(RAW DATA)

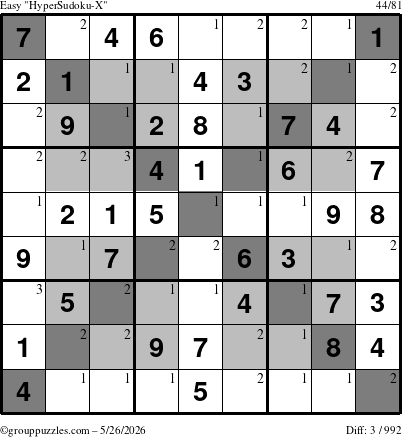 The grouppuzzles.com Easy HyperSudoku-X puzzle for Tuesday May 26, 2026 with the first 3 steps marked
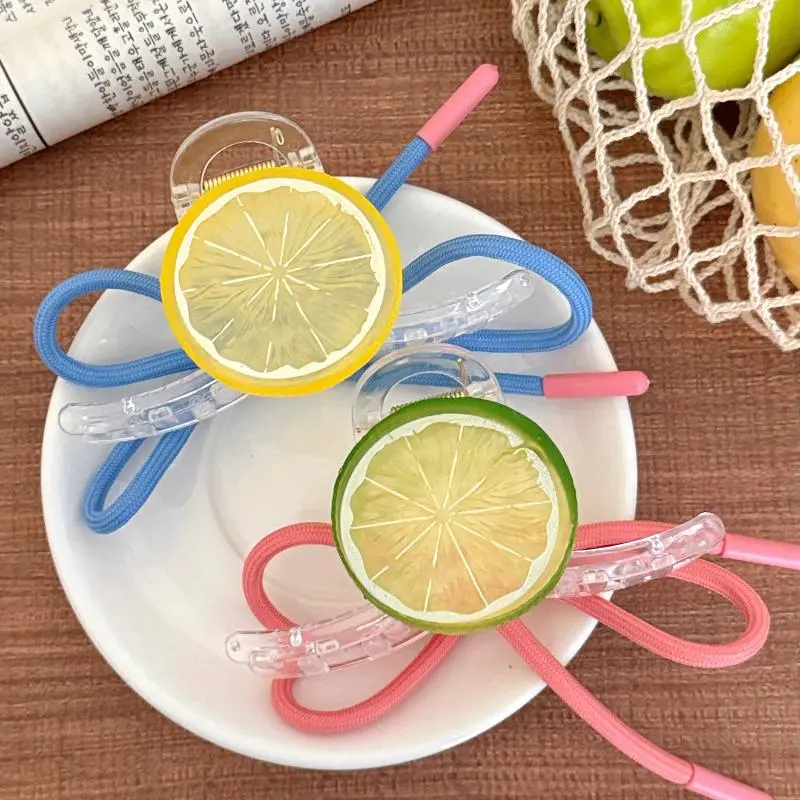 Delightful Lemon Ponytail Shark Clip; Lovely Bow Hair Claw; High-Quality Girls Hairpin; Chic Hair Accessories; Perfect Present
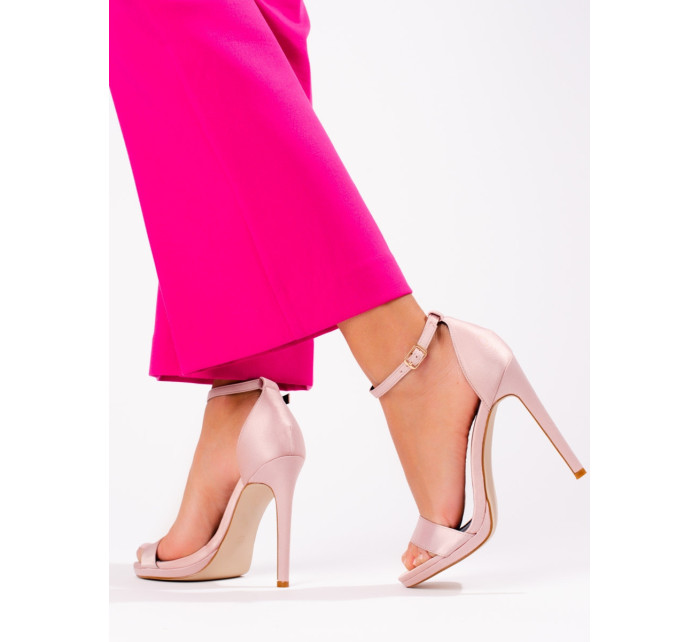 Zaujímavé dámske sandále ružové na ihličkovom podpätku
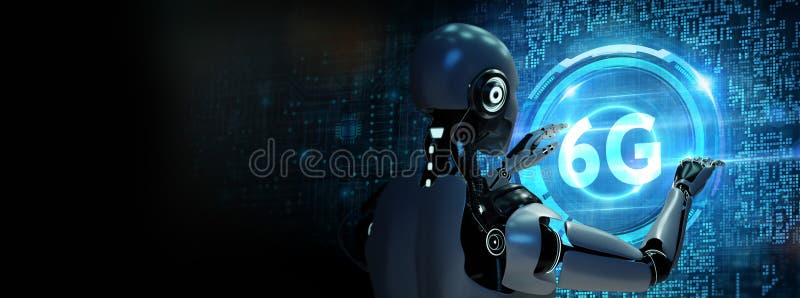 Das Konzept der 6 g-Netze für das mobile Hochgeschwindigkeits-Internet der neuen Generation. Taste drücken des Roboters auf virtue lizenzfreie abbildung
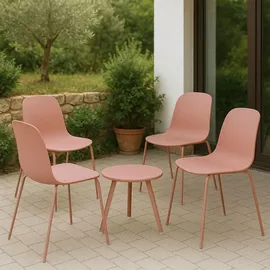 CLP 4er Sitzgruppe Berdin I Garten-Set 4x Stuhl stapelbar und 1x Tisch I Outdoor-Set wetterfest UV-beständig I Gartenmöbel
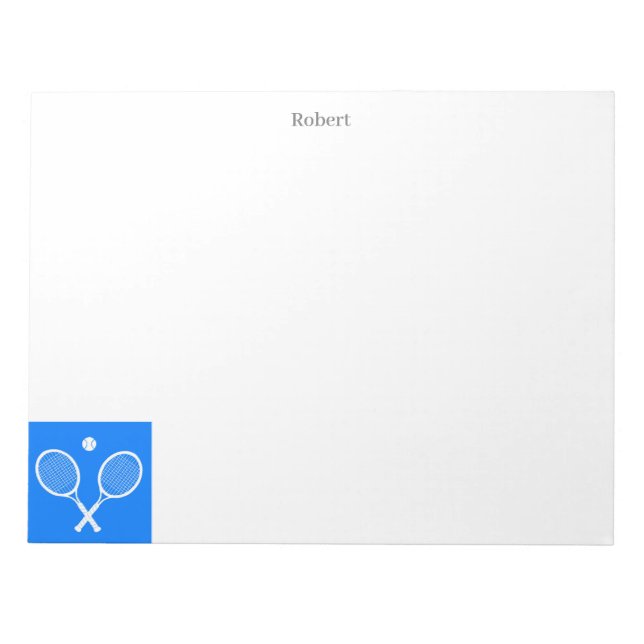 Tennis Rackets Blue Background Personalised Notepad (Front)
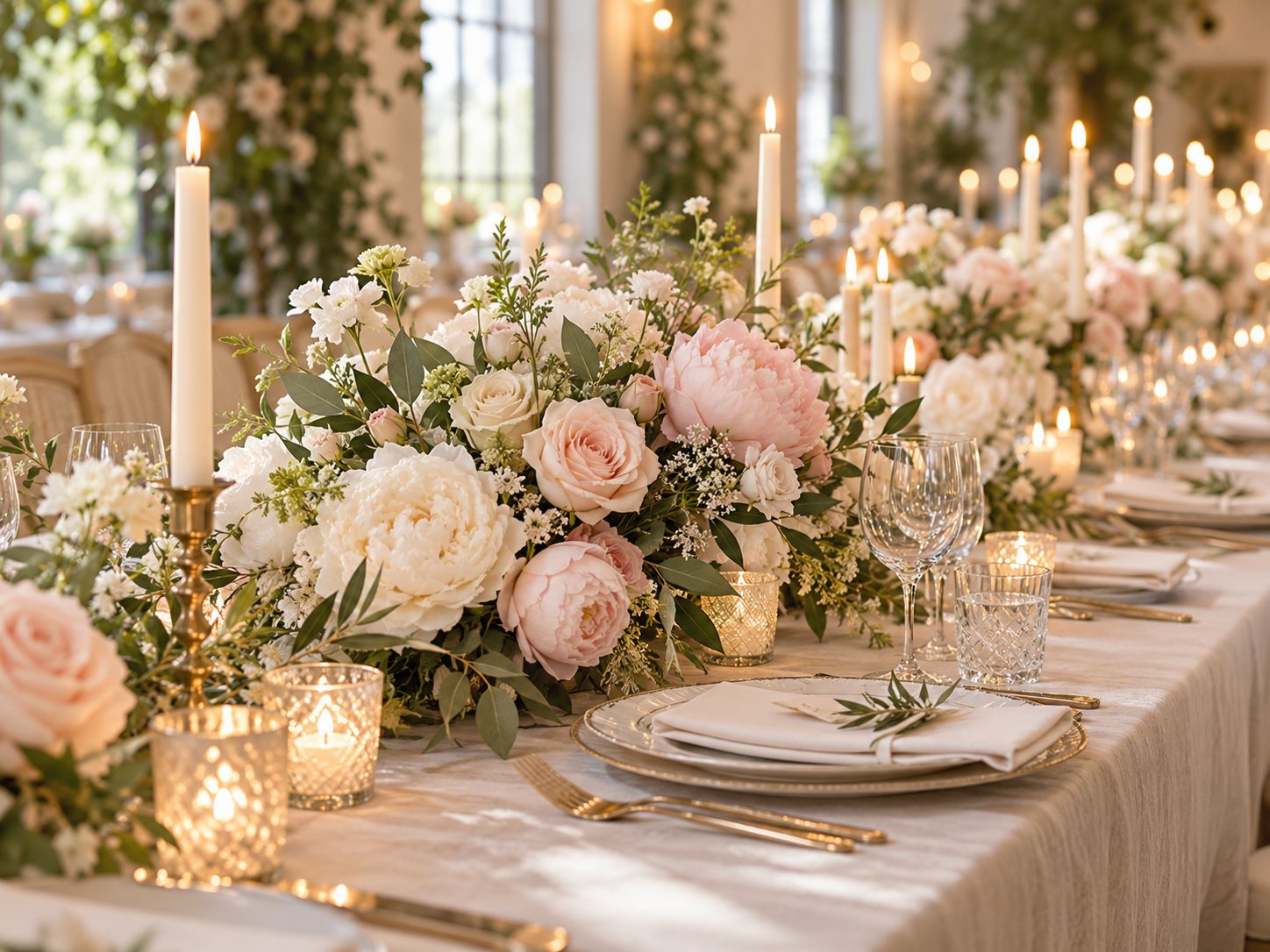 Table de mariage fleurie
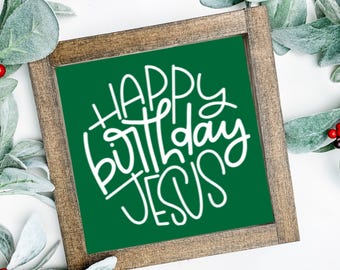 Letrero de madera de Feliz Cumpleaños Jesús / Inspirado en la fe cristiana de Jesús / Decoración de bandeja escalonada estilo casa de campo / Decoración de barra de café / Versículo bíblico / Cita inspiradora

(End RAW DATA)

Your job is to transcribe the records exactly and in full. Pictures are not part of the copy.

 The grouppuzzles.com Easy HyperSudoku-X puzzle for Tuesday May 26, 2026 with the first 3 steps marked
 Delightful Lemon Ponytail Shark Clip; Lovely Bow Hair Claw; High-Quality Girls Hairpin; Chic Hair Accessories; Perfect Present
 Zaujímavé dámske sandále ružové na ihličkovom podpätku
 Das Konzept der 6 g-Netze für das mobile Hochgeschwindigkeits-Internet der neuen Generation. Taste drücken des Roboters auf virtue lizenzfreie abbildung
 CLP 4er Sitzgruppe Berdin I Garten-Set 4x Stuhl stapelbar und 1x Tisch I Outdoor-Set wetterfest UV-beständig I Gartenmöbel
 Tennis Rackets Blue Background Personalised Notepad (Front)
 Table de mariage fleurie
 Letrero de madera de Feliz Cumpleaños Jesús / Inspirado en la fe cristiana de Jesús / Decoración de bandeja escalonada estilo casa de campo / Decoración de barra de café / Versículo bíblico / Cita inspiradora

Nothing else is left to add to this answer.